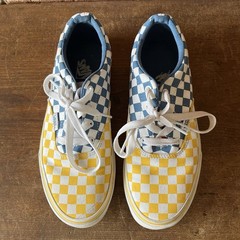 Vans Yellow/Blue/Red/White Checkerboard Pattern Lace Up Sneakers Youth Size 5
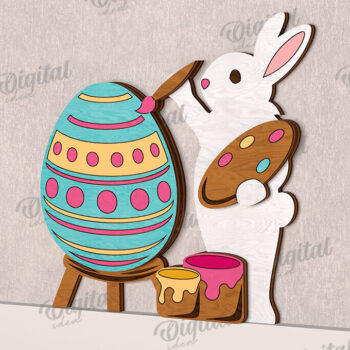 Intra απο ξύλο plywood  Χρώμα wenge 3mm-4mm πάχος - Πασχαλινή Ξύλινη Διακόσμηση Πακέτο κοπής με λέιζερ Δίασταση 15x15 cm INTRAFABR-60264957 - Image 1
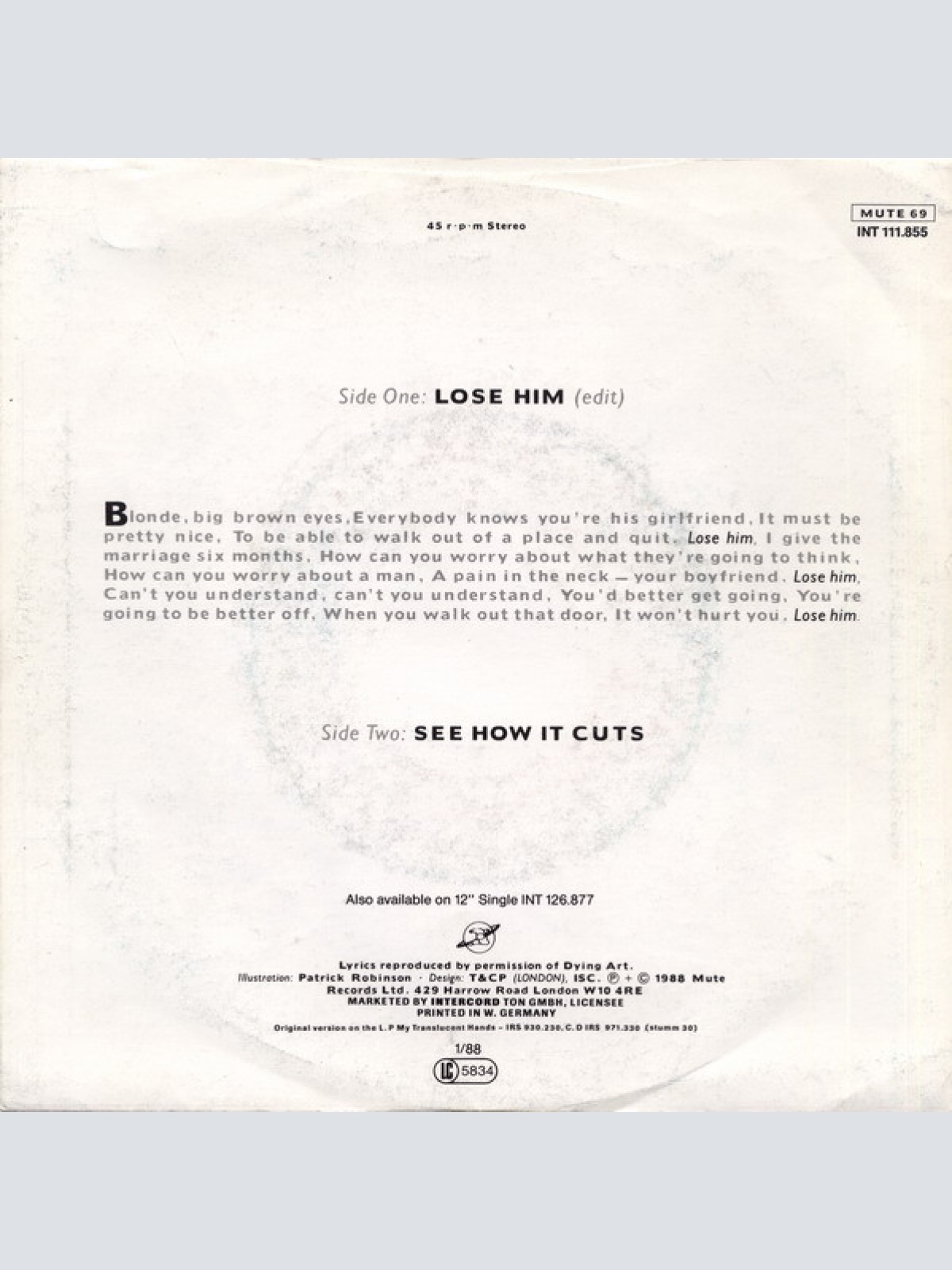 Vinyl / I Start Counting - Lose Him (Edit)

══════

Instructions for the task -> Copy exactly the lines that run from the line containing "Intra απο ξύλο" to the end of the data, keeping both end lines and dropping every picture.

Completed task ->
 Intra απο ξύλο plywood  Χρώμα wenge 3mm-4mm πάχος - Πασχαλινή Ξύλινη Διακόσμηση Πακέτο κοπής με λέιζερ Δίασταση 15x15 cm INTRAFABR-60264957 - Image 1
 Vinyl / I Start Counting - Lose Him (Edit)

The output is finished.